Advanced Television

Spain: First regional TV switch off

November 29, 2013

From David Del Valle in Madrid

The closure of the Regional pubcaster RTVV, in Valencia has been carried out with the switch-off of its signal, putting an end to its 24 years of history and paving the way for other regional TV stations, such as Telemadrid, to follow suit.

This unprecedented move will bring the dismissal of all RTVV 1,660 workers who tried up to the last minute to challenge the closure.

Financial problems have led the regional government of Valencia to shut down its public TV and radio service. RTVV had tried to fire 1,000 of its almost 1,700 workers to keep the broadcaster running, but a court ruled that plan was not lawful, prompting the regional government to announce the station’s closure.

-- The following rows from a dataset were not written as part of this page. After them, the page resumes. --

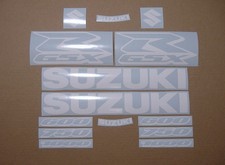 Stickers for Suzuki GSX-R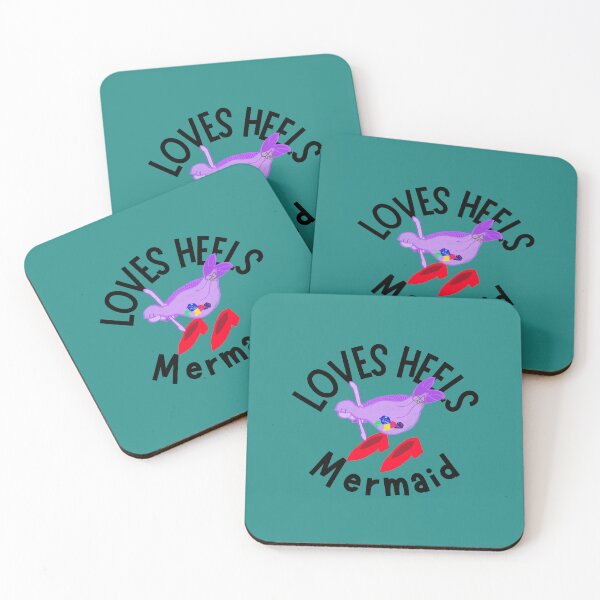 Item preview, MERMAIDLOVESHEELS LaMaisonOfMY WHATAMERMAIDWANTS COLLECTION | Green Edition | No.02 designed and sold by LaMaisonOfMY.
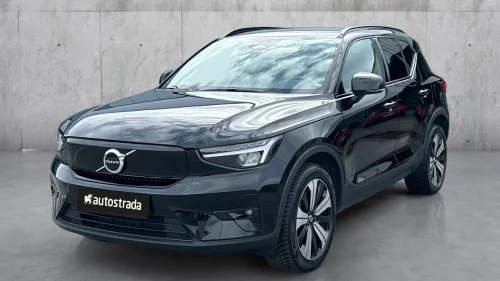 VOLVO XC40 231 hk|Adaptiv Cruise|El. sete|Pluss edt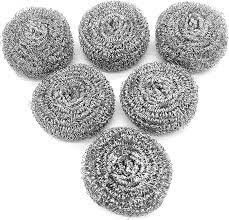 Steel Scrub Sponge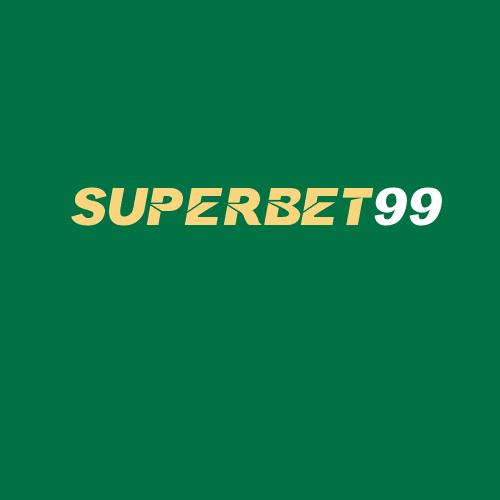 Logo da SUPERBET99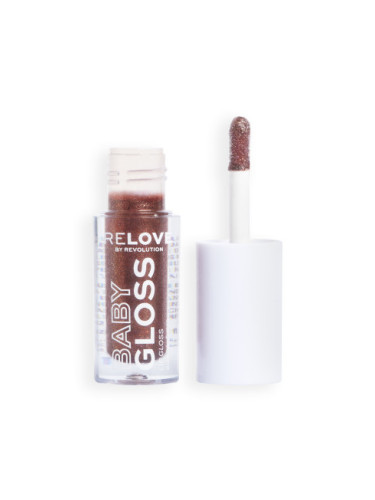 Revolution Relove Baby Gloss Shimmer - Autumn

The decision to shut down the Regional pubcaster RTVV is blow to the existing regional TV model with 13 TV stations across the country (which is divided into 17 regions or Comunidades Autonomas) controlled by regional governments and financed by a mix of state subsidies and advertising.

A significant cut in public funds, a free fall in advertising revenues, together with a sharp drop of their audience ratings and over staffing have led regional TV channels to a critical situation with an overall debt of over €1.6 billion, with RTVV and Madrid-based Telemadrid taking the worst part of it with €1.2 billion and €285 million, respectively. Telemadrid may be the next to close down if the Supreme Court rules in its expected decision in March that the dismissal of 829 workers out of the total 1.200 is unlawful.

Other regional TV channels such as RTVA in Asturias, RTRM in Murcia, RTVA in Asturias or RTVC in Castilla La Mancha are also on a tightrope with the two latter setting to become private TV companies following the Government approved a new legislation in 2012 to make it possible.

It is estimated the annual cost of all regional TV stations in Spain amounts to €925 million, including state subsidies and operating losses. The Catalonian Regional broadcaster TV3 is the channel that receives more public money, €225 million this year for a budget of €295.9 million. Like other regional TV stations, TV3 plans massive layoffs, up to 500 workers out of the total 2,885. Canal Sur in Andalucia is second in terms of state subsidies, €138 million for a budget of €165 million. The Basque Country-based TV ETB gets €105.1 million in public funds for a budget of €121 million. TVG in Galicia, €94.7 million with a budget of €104 million; Telemadrid, €71 million for a budget of €85 million; Canal Nou (RTVV), €68 million and a buget of €78 million; Aragon TV €42.4 million and a budget of €47.1 millon; TVC La Mancha, €39 million and a budget of €44.2 million; TV Canarias, €33.3 million for a budget of €38.6 million; IB3, €30 million and a budget of €31 million; Extremadura TV, €24.8 million and with a budget of €25.3 million; Asturias TV, €20 million with a budget of €23 million; and RTRM in Murcia €7.5 million with a budget of €7.8 million.

All these regional TV stations, which, except for Canal Extremadura, are members of the Association FORTA, are suffering the consequences of the free fall in ad revenues with a 60 per cent cut from 2007, and a 36 per cent fall in 2012. In terms of audience ratings, Regional TV channels combined represent an average of 8.8 per cent of the total ratings in Spain, as of October 2013, with Aragon TV leading the ratings in October with a share of 13.7 per cent, followed by TV3 with 13.6 per cent.